# Generating .Wav Files from Splice Samples

The following models attempt to simplify my introduction into generative ai modeling. Earlier iterations of this assignment sought to use Google's Magenta to train a model using midi files/sequences to generate any sort of sound. I ran across multiple barriers that prevented me from pursuing this method (issues with packages and environments). This notebook is number 5 in a series of 7 using pytorch that attempt to train a generator to convert random noise into something less harsh and meaningless. The following model is my most successful attempt at getting this to work (it barely sounds like music, but atleast it's not random noise). The second model iterates on this method through implementing CNN architecture (although i was able to train, this was completely unsuccessful, and no improvement to this implementation was made in the notebooks that followed).
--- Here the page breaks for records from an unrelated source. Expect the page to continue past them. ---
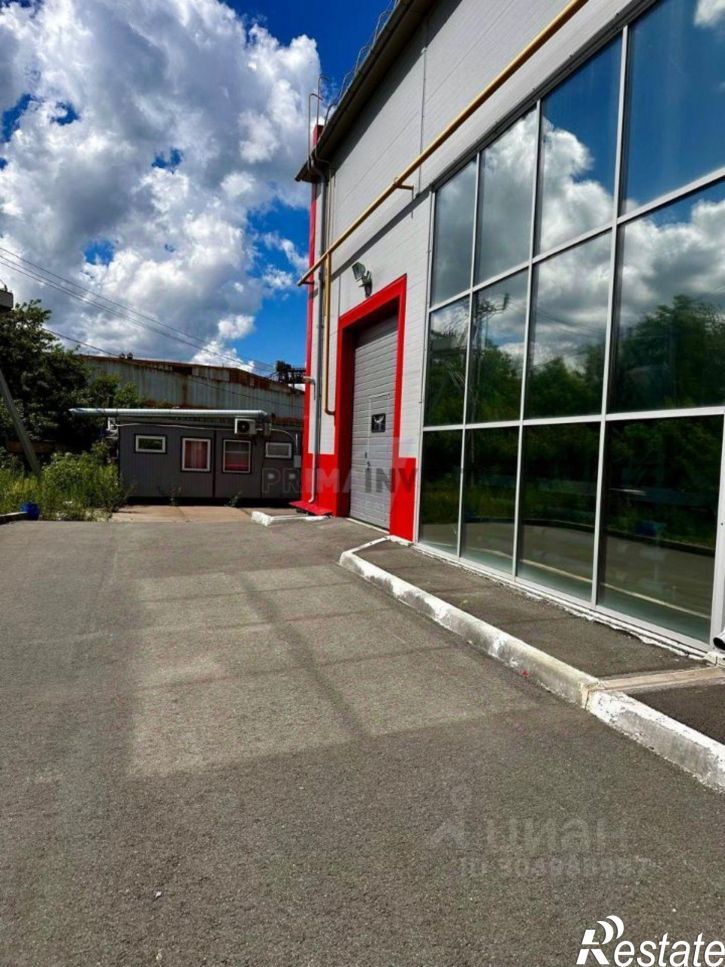 Производственное помещение ул Тюменская, 1А,  д. 1А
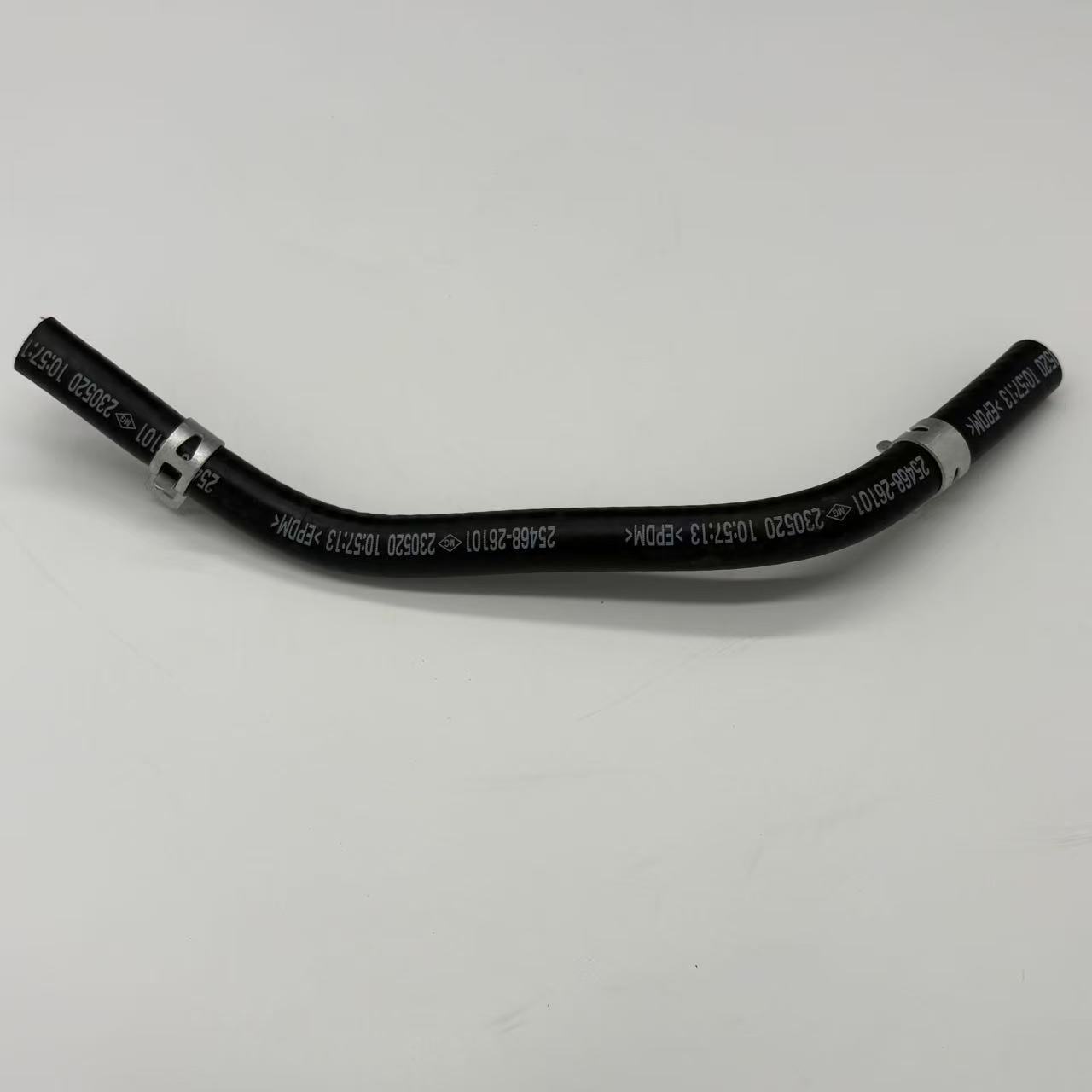 Automotive engine coolant rubber hoses are suitable for modern Kia vehicles, and the specifications and models of the water pipes can be customized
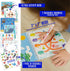 Kids Travel Educational Activity Book with Washable Markers - Car and Airplane Activities, Learning Toys for Toddlers- Search and Find, Reusable S...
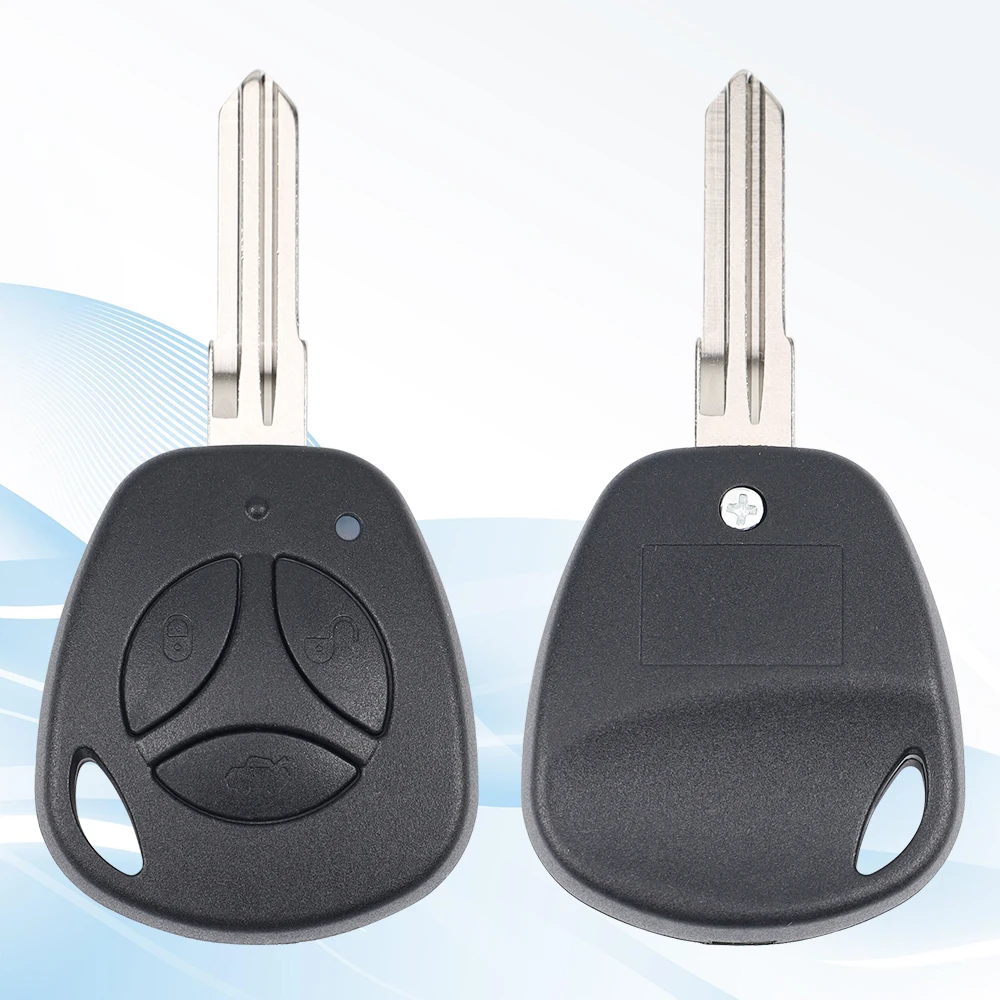 LIXIANG 3 Tombol Kontrol 433Mhz ID46 Chip PCF7941 Kunci Mobil Jarak Jauh untuk Lada Granta Priora Vesta X-ray XRay Sedan Sport Kalina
The pre-write will outline the steps taken to build the first model (minus the frustration).

1. Gather Training data -- .wav files were downloaded from Splice (a sample repo for music producers). Samples chosen were between 30 secs to a minute long. Instrumental only (no vox, minimal drums). About 220 samples across soul, gospel, rnb, and lofi hip hop categories were chosen. Primarily pianos, synths, and other melodic instruments.
2. Pre-processing -- when downloaded these files were organized in various folder branches. A script to flatten the root folder/directory was used to write/organize our data in a more easily accessible fashion. Earlier modeling attempts at preprocessing and train models duplicate many of the files. New functions were used to remove duplicates. After duplicate files were verified and removed, we normalize the length and the sample rates of the .wav files.
3. Loading the Data -- Each file was converted to tensors that could then be fed into our neural network using our 'data loader'.
4. Neural Network and Hyper Parameter tuning -- This first model is a fully connected feedforward NN or Multi-layer perceptron. The parameters I changed primarily were batch size and number of epoch. Previous versions used smaller batches and more epochs. After the first 'successful' training to nearly an hour, we achieved something beyond just noise. I could tell i was moving in the correct direction when the noise has hints of something else (almost like a radio signal almost entirely obscured by static). By changing these parameters (as well as fixing my data directories), we were able to achieve results similar to the longer trainings (batch size 1 and 50 epochs) but much more quickly. I faced many issues with dimensionality which ultimately prevented me from continuing to tune my CNN version.
5. The only form of validation done in this process was saving a generated .wav files and listening to it. The final result was a caucophonous/harmonically disonant drone with sparse elements of bell dings and rythmic textures. I never thought I would be so happy to hear something so awful sounding.

In [1]:
import os
import librosa
import soundfile as sf
import hashlib

def hash_audio_file(file_path):
    """Generate a hash for the audio file based on its content."""
    y, sr = librosa.load(file_path, sr=None)
    # Create a hash of the audio data
    audio_hash = hashlib.md5(y.tobytes()).hexdigest()
    return audio_hash

def flatten_wav_files(source_dir, target_dir):
    if not os.path.exists(target_dir):
        os.makedirs(target_dir)

    seen_files = set()

    for root, _, files in os.walk(source_dir):
        for file in files:
            if file.endswith('.wav'):
                file_path = os.path.join(root, file)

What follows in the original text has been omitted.